Plants are sedantry autotroph, lack circulatory system but they have innate immune system that is activated after recognition of the pathogen. Plant respond to infection using two branch of innate immune system. One branch recognize and respond to molecule common to microbe including non-pathogen while the second respond to pathogens virulence factor directly affecting the host target (Jones and Dangl 2006).
- Plants are provided by pattern recognition receptors (PRRs) that are receptor kinases or receptor proteins which recognizes pathogen-associated molecular patterns or microbe-associated molecular patterns (PAMPs or MAMPs) and play a significant role in immune signaling (Boller and Felix 2009; Li et al., 2016; Saijo et al., 2018) leading to activation of defense responses.
Disease develop when pathogens are able to evade or suppress PRR-based defenses.
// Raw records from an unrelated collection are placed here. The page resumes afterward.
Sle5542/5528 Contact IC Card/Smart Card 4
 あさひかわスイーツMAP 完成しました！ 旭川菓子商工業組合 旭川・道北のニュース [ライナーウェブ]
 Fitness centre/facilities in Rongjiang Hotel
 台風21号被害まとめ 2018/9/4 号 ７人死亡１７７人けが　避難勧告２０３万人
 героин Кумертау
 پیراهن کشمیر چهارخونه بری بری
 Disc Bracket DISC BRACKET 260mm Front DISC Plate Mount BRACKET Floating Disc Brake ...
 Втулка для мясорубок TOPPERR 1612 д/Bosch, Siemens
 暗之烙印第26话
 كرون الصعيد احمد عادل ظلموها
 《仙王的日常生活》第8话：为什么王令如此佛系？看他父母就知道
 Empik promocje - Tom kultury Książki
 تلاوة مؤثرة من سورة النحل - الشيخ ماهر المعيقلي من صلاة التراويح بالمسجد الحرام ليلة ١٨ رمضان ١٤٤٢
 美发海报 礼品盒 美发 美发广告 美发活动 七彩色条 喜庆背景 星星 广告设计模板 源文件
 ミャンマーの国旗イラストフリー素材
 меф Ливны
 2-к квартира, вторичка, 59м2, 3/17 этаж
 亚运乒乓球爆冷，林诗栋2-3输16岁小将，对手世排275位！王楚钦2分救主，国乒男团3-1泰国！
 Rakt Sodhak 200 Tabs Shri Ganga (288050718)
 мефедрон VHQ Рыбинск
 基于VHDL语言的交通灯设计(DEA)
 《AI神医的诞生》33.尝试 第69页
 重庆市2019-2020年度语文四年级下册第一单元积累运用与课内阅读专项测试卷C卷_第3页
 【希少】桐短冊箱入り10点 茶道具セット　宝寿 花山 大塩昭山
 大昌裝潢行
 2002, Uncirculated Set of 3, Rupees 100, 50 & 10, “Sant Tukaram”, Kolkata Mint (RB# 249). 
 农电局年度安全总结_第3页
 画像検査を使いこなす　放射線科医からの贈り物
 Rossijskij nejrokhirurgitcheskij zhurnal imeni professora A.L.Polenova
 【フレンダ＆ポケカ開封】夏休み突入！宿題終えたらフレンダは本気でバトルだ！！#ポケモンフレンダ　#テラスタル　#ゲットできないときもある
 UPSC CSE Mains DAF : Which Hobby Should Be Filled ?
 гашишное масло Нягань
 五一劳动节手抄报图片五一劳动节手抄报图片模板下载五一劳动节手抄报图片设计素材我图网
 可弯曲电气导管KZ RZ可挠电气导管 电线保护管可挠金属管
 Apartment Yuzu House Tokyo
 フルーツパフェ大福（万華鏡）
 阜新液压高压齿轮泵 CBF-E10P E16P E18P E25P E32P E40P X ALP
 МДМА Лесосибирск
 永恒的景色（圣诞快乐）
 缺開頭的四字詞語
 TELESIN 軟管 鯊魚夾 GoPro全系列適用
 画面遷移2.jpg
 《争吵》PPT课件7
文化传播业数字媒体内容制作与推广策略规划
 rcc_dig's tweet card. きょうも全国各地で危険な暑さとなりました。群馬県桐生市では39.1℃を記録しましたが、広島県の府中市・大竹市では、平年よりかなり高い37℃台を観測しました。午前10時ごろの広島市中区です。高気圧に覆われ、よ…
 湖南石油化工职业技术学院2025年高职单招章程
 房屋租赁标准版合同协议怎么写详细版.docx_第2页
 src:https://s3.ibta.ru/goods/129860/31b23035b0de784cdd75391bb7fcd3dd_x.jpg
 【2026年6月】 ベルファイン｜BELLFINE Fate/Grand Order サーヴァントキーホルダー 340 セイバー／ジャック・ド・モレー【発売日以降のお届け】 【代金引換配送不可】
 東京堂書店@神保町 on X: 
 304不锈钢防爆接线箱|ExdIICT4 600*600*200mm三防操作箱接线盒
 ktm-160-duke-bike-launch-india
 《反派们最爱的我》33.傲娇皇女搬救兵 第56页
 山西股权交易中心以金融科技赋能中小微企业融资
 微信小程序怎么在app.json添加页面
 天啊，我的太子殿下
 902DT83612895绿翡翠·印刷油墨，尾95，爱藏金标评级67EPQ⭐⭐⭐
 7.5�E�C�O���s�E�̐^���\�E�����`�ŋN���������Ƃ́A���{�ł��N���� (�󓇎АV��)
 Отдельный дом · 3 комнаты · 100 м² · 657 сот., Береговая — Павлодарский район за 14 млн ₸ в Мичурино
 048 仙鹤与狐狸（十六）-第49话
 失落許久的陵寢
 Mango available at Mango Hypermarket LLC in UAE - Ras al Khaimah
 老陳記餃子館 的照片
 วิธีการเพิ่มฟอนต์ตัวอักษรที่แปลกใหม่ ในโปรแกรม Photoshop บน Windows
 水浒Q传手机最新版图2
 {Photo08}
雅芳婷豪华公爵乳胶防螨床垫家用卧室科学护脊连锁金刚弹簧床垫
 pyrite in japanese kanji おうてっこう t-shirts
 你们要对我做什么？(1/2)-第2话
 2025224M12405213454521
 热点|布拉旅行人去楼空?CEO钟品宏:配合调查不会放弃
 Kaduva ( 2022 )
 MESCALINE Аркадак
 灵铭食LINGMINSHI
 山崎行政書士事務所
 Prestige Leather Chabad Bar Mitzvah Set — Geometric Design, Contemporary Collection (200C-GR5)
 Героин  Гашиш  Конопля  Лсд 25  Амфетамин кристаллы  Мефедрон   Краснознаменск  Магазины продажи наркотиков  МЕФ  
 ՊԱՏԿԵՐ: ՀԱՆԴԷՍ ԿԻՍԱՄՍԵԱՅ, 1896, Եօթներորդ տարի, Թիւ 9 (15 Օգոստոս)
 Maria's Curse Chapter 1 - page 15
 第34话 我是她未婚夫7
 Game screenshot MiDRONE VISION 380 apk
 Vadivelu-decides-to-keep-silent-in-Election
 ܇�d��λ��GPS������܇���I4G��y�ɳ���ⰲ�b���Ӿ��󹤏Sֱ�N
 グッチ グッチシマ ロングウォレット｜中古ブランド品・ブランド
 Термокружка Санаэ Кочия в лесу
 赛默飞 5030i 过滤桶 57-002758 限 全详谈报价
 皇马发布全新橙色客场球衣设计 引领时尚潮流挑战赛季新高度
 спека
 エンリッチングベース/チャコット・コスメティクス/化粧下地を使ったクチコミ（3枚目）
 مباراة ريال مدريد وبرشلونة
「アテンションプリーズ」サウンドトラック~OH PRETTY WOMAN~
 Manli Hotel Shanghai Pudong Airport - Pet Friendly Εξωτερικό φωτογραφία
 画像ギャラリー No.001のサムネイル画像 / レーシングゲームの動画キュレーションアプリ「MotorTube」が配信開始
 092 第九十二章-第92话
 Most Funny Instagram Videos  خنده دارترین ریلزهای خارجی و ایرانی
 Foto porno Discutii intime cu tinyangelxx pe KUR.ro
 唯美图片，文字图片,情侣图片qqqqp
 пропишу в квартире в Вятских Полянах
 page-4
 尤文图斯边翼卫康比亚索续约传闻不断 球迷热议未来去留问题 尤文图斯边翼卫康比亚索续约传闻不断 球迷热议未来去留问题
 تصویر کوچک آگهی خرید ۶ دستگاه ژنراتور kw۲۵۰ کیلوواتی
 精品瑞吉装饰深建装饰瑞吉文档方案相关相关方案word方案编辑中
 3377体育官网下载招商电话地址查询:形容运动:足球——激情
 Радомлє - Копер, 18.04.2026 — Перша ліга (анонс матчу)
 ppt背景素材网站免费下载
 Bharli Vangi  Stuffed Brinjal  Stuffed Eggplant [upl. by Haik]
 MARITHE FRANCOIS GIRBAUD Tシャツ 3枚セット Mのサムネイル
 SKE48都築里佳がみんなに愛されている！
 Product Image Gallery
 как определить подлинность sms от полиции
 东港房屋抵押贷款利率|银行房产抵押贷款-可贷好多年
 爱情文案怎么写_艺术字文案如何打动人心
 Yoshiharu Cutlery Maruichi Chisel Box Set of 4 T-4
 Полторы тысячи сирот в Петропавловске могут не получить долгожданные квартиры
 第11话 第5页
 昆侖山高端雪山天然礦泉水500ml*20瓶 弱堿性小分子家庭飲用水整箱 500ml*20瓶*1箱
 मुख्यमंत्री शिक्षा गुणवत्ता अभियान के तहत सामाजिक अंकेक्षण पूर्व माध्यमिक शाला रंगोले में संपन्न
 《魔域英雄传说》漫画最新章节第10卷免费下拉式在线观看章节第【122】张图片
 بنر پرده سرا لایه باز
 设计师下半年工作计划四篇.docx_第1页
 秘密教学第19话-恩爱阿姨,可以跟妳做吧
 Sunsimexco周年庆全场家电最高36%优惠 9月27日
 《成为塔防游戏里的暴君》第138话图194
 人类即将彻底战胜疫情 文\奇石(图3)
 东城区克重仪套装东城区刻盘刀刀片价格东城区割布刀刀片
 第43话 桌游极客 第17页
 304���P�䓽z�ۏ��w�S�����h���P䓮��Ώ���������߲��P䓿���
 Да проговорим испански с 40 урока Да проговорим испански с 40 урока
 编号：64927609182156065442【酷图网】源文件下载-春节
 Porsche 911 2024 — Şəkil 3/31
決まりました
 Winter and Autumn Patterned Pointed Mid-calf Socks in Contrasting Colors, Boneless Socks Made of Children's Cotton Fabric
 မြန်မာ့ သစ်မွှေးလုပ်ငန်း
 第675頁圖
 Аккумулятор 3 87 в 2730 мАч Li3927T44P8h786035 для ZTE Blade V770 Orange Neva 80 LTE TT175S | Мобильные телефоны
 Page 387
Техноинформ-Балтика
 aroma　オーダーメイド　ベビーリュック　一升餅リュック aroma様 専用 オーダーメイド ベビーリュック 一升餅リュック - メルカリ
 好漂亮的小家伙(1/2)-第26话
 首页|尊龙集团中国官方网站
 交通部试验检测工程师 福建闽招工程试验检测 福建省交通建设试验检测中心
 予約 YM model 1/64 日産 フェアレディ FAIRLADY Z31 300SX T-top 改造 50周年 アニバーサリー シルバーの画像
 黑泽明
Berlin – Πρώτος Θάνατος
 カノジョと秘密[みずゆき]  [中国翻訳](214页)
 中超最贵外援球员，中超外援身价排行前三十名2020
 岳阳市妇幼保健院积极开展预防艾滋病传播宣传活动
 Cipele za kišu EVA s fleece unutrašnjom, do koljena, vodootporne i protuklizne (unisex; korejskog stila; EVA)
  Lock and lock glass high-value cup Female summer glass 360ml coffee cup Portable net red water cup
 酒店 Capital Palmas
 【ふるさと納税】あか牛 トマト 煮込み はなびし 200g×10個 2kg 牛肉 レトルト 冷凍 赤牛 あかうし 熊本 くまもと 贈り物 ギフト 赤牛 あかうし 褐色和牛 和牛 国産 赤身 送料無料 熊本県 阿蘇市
Pathogens escape from being recognized by the host’s immune system is due to modification in the structure of the recognized MAMPs or by active intervention of ligands-receptor recognition (Pel and Pieterse 2012).
Plant cells close their plasmodesmata during pathogen infection. Plasmodesmata (PD) is plasma membrane lined pore that connects the adjoining cells maintaining the continuity of cytoplasm and endomembrane. Proteins, metabolites, small RNAs and hormones are transported through these PD during defense signaling. Systemic defense responses depend on the spread of signals between cells. Plasmodesmata is regulated by callose deposition. Deposition of β-1,3-glucan callose in the apoplast around PD reduces the aperture of the pore. In this manner symplastic connection can be opened or closed (Tilsner 2016; Cheval and Faulkner 2018).
Some PRRs can recognize damage-associated molecular patterns (DAMPs) that are plant derived molecule released during pathogen infection. Phytopathogens secrete effectors into plants apoplast or cytoplasm to enhance virulence (Li et al., 2016). Signal is transmitted through a cell and across the cell membranes as a series of events and relies on proteins known as receptors. It is these receptors that perceive signals for regulation of plant immunity.
2. Plant disease resistance involves a single resistance (R) gene in the plant which responds specifically to an avirulence (Avr) gene (gene for-gene concept). R genes encode proteins that appear to be involved in both recognition of the pathogen and signal transduction (Halterman and Martin 1997). The interaction of pathogen effector (Avr gene protein) with the host receptors (many of which may be encoded by R genes) generates the initial recognition signal that triggers activation of signal transduction pathway culminating in activation of the defence response resulting in a localised cell death at the site of infection termed as hypersensitive response (HR) which prevents the further spread of the infection. Plant use wide range of defense mechanisms to defend themselves such as generation of active oxygen species (AOS), cell wall strengthening, deposition of callose, accumulation of pathogenesis-related (PR) proteins and phytoalexin (Hammond-Kosack and Jones 1996; Halterman and Martin 1997; Van Loon and Van Strien 1999). Massive accumulation of reactive oxygen species (ROS) and salicylic acid (SA) is also reported by Guidetti-Gonzalez et al. (2007).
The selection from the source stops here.